1) Yves Bachelier est également l’architecte du Palais Zig Zag situé au 3 rue Honoré Labande. Une opération dans un style Art Déco. La façade arbore un mouvement singulier de zig zag qui fait toute l’identité du bâtiment.
Villa Sauber, la mystérieuse (Date de construction inconnue)
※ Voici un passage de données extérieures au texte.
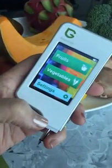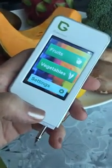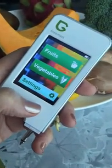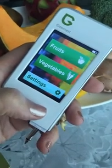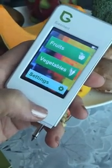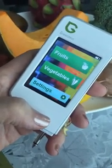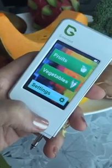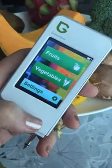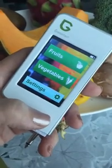In my continuing quest to eat as clean as possible, I chanced upon this gadget I bought off Amazon recently. It's called the Green Test, and apparently it's designed to test the level of nitrates in our fruit and vegetables. The device has predetermined safe levels of nitrates. We all know nitrates are bad news — in food production they're used to preserve food, and they get into fruit and vegetables through the soil as well.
Si aujourd’hui cet édifice situé au 17 avenue princesse Grace abrite le musée national de la Principauté, bien des mystères l’entourent… « Aucune date de construction n’est établie pas plus que son architecte n’est connu, indique Jean-Philippe Hugron, journaliste spécialisé en architecture. Aussi, cette spectaculaire construction attise fantasmes et spéculations. Les uns la jugent avec hâte de style Belle époque, les autres l’attribuent volontiers à Charles Garnier. » Et pour cause… l’édifice présente des similitudes avec l’Opéra Garnier, construit à la même époque. Seule certitude : au début des années 1900, la villa appartenait à la famille Blanc. Famille qui a joué un rôle crucial dans l’essor de la Société des Bains de Mer et du Casino de Monte-Carlo. « À cette époque, le quartier qui longe le littoral est appelé Quartier des Bas-Moulins et la plage du Larvotto n’existe pas encore », rappelle le musée national. En 1904, un homme, le peintre Robert Sauber, achète la villa à Edmond Blanc. Le peintre londonien y installe alors son atelier dans l’aile ouest de la villa. Robert Sauber et sa femme vont garder la maison, (dès lors appelée Villa Sauber), pendant dix ans. « Peu de temps avant la déclaration de guerre, en 1914, ils la revendent. Elle passera alors entre plusieurs mains avant que le couple Sauber la rachète en 1925, rajoute le musée national. Au début des années trente, les époux, alors âgés, lèguent la villa aux Fonds de secours des tribunaux de simple police de Londres. Les tribunaux restent propriétaires de la villa pendant une quinzaine d’années et, en 1952, Mademoiselle Nora Mac Caw en prend possession à son tour. Elle la revendra en 1957 à la société immobilière de l’avenue Princesse Grace. » Enfin, en 1969, l’Etat monégasque rachète la propriété située aujourd’hui sur l’une des avenues les plus chères au monde. « La proximité directe de la villa avec les 105 mètres du Columbia Palace forme l’un des contrastes architecturaux les plus saisissants de la Principauté », conclut Jean-Philippe Hugron.